▶ _Instructions for the task_
Only the lines below between the ones containing "Cockpit TOYOTA AVENSIS" and "6130 Sinks Canyon, Las Vegas, NV 89130", inclusive, are to be reproduced, each exactly as it stands.

▶ _Supplied material_

○ ○ ○ ○

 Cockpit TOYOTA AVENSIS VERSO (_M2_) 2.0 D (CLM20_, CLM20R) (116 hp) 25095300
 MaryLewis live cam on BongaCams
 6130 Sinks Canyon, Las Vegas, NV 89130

○ ○ ○ ○

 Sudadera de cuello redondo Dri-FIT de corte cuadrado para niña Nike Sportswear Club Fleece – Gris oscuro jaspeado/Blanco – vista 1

○ ○ ○ ○

▶ _Written answer_
 Cockpit TOYOTA AVENSIS VERSO (_M2_) 2.0 D (CLM20_, CLM20R) (116 hp) 25095300
 MaryLewis live cam on BongaCams
 6130 Sinks Canyon, Las Vegas, NV 89130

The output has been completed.